E aí aconteceu uma coisa curiosa. Amaury e Diego se juntaram a Fábio Porchat, Déa Lúcia e Lívia Andrade, os comentaristas que continuavam em cena. Os dois atores receberam um mini-tributo, uma espécie de versão resumida do quadro Arquivo Confidencial, com uma brevíssima retrospectiva de suas carreiras e depoimentos de familiares.
Os pais de Diego deram um testemunho especialmente pungente, declarando amor e total apoio ao filho, que já se "montava" de drag queen desde criancinha. Tomara que muitas famílias que rejeitam seus filhos homossexuais e transgênero tenham assistido e tomado vergonha na cara.
Logo em seguida, dona Déa Lúcia, que é mãe de Paulo Gustavo, fez um inflamado discurso contra o famigerado projeto de lei do deputado federal Pastor Eurico (PL-CE), que pretende acabar com o casamento homoafetivo e proibir a adoção de crianças por homossexuais. Déa Lúcia, cujo filho foi casado no papel com o médico Thales Bretas, prometeu lutar contra esse descalabro, e foi a plaudidíssima pela plateia.
Então Tiago Abravanel dublou a canção "Everybody (Backstreet's Back)", hit da boy band Backstreet Boys, e levou o cinturão de melhor da noite. Muito provavelmente, mais por causa de sua homenagem ao avô, que já entrou para a história da TV.
Em resumo: foi um programa escancaradamente pró-LGBT+, em pleno anoitecer de domingo. A Globo mostrou, mais uma vez, que é a única rede de TV aberta que se preocupa com os direitos dessa fatia significativa da população.

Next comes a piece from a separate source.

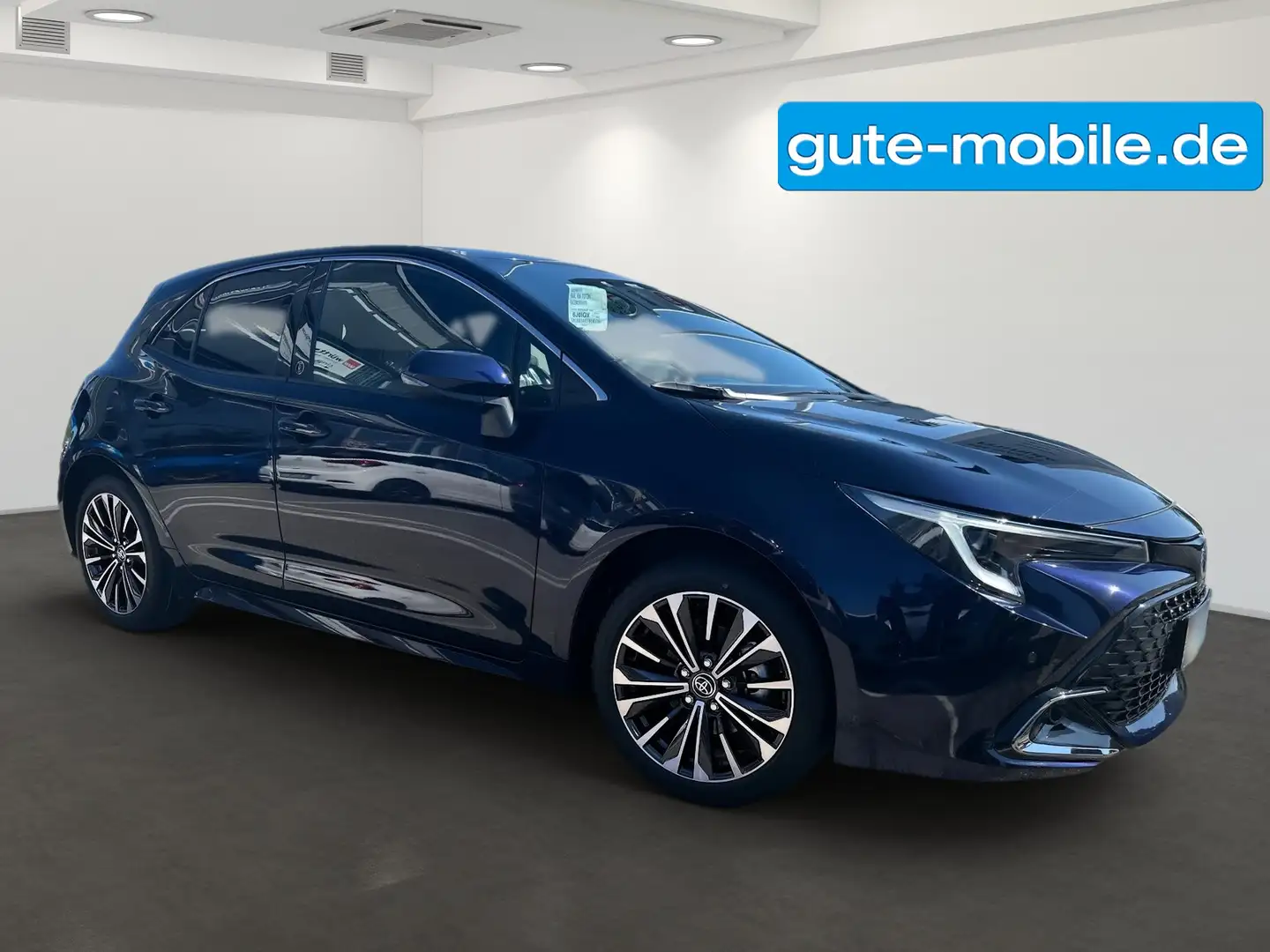 Toyota Corolla 1,8 l-5-Türer Hybrid Team D+ Technik, Paket Blauw - 2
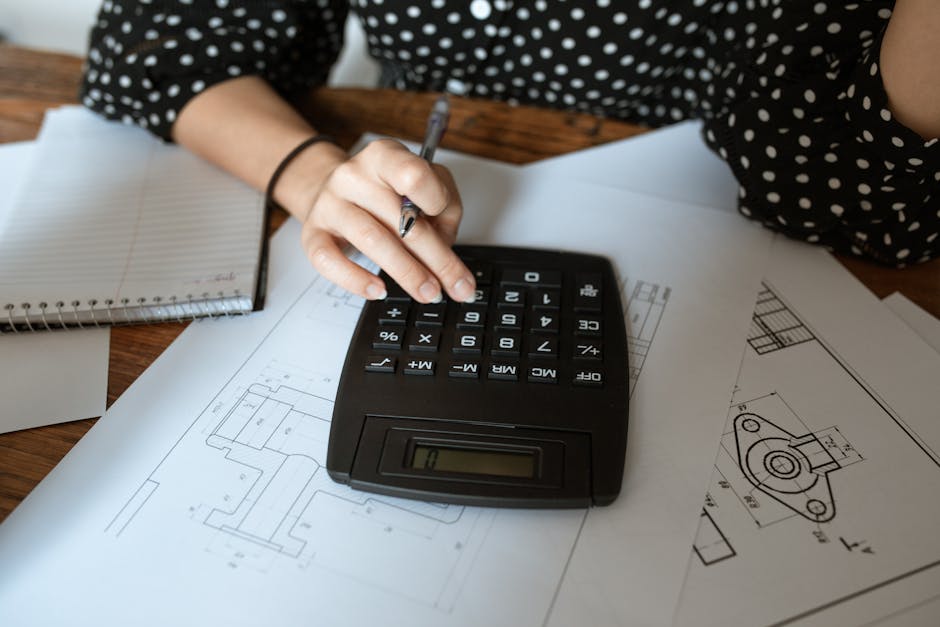 Formule Matematiche: Strumenti Chiave per Semplificare la Comprensione e Analisi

Mas será que se preocupa mesmo? Apesar dos discursos políticos e das lágrimas, o que todo mundo vai lembrar deste episódio da Batalha do Lip Sync é que um beijo gay foi cortado no meio, e outro, totalmente ignorado. Por quê? Por causa do horário?
Não, não foi um corte acidental. A direção do programa (e, talvez, a da emissora) sabia que esses beijos viriam, e deve ter instruído o diretor de corte (o profissional que seleciona as imagens que irão ao ar) para cortar para outra câmera.
A Globo não se pronunciou –e, se por acaso vier a se posicionar, com certeza virá com o papo de que "todo programa é sujeito à edição" etc. etc. O mesmo argumento que usou para justificar o corte dos beijos entre um casal de mulheres em "Vai na Fé".
O público reagiu tão mal que beijos entre casais do mesmo sexo acabaram sendo mostrados no último capítulo da novela. Agora, menos de um mês depois, a emissora faz coisa parecida no Domingão com Huck.
Desse jeito, ela confunde o público. Afinal, é a favor ou contra os direitos igualitários? Gays podem se casar, mas não podem expressar afeto em público? O que a emissora ganha com essa postura dúbia, que não satisfaz nem progressistas, nem conservadores?
ERRAMOS: O conteúdo desta página foi alterado para refletir o abaixo
A música "Everybody (Backstreet's Back)" é dos Backstreet Boys, não do Nsync. O texto foi corrigido.